Although GameFi’s origin can be traced to the early development of cryptocurrencies, it’s only recently gaining mainstream adoption. Demonstrated by the growth of the massive success of Axie Infinity. The popular GameFi project became the first to surpass $1 billion in token sales in August 2021 and has seen over a million daily active players. 

The constantly evolving technology behind crypto gaming has advanced to a level where new GameFi projects are attracting massive players & fan bases, as well as institutional funding. Industry experts believe crypto gaming to be the most likely gateway for widespread adoption and use of blockchain technology. As GameFi projects gain popularity with traditional gamers, understanding of crypto can only continue to flourish.

As you might expect, GameFi is increasingly taking up large piece of the growing $175 billion gaming market. Video gamers have long enjoyed and familiarized themselves with the concepts of in-game currencies, limited digital items and tokenization, all without gaining monetary value. Unquestionably, there will be a greater appeal to GameFi projects that comprise all these elements while directly rewarding players financially.

These are exciting times for GameFi. Leading industry players, such as game studios Ubisoft, Roblox Corporation and semiconductor makers, are part of the Blockchain Game

To further the growth of GameFI, an alliance is needed to provide infrastructure for game development, and forums for developers and players to network, collaborate and share knowledge, in addition to creating common standards.

GameFi is rapidly growing, and the collective market capitalization of leading blockchain games has topped $14 billion. But given the massive size of the gaming industry, the total addressable market offers even greater opportunities for growth.

With the runaway success of crypto games like Axie Infinity and CropBytes, the future of GameFi seems bright. With many more GameFi games in the works, newer innovations are expected.

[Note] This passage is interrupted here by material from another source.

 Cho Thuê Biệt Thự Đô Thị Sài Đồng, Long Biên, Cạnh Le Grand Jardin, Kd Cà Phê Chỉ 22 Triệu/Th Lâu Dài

Some of the crypto gaming projects currently under development include:

  • Star Atlas
  • Ember Sword 
  • Guild of Guardians
  • The Sandbox
  • Who: Worlds Apart

 These newer games will provide even more opportunities for gamified profit and a feature-rich gaming experience. 

Gaming platforms like MOBOX are being designed to allow individuals to build their own NFTs and games with interoperability capabilities. The platform also features DeFi functionalities such as staking and liquidity pools, enabling gamers to generate income from their assets. This income can then be used to buy in-game upgrades or generate keys to unlock new NFTs.

Bottomline

GameFi has already gained significant traction, with the collective market capitalization of top games breaking $14 billion. But key opinion leaders in the crypto industry believe there’s a lot more ahead for this new sector, with Tron founder Justin Sun recently stating he believes this new sector will be key to increasing cryptocurrency adoption.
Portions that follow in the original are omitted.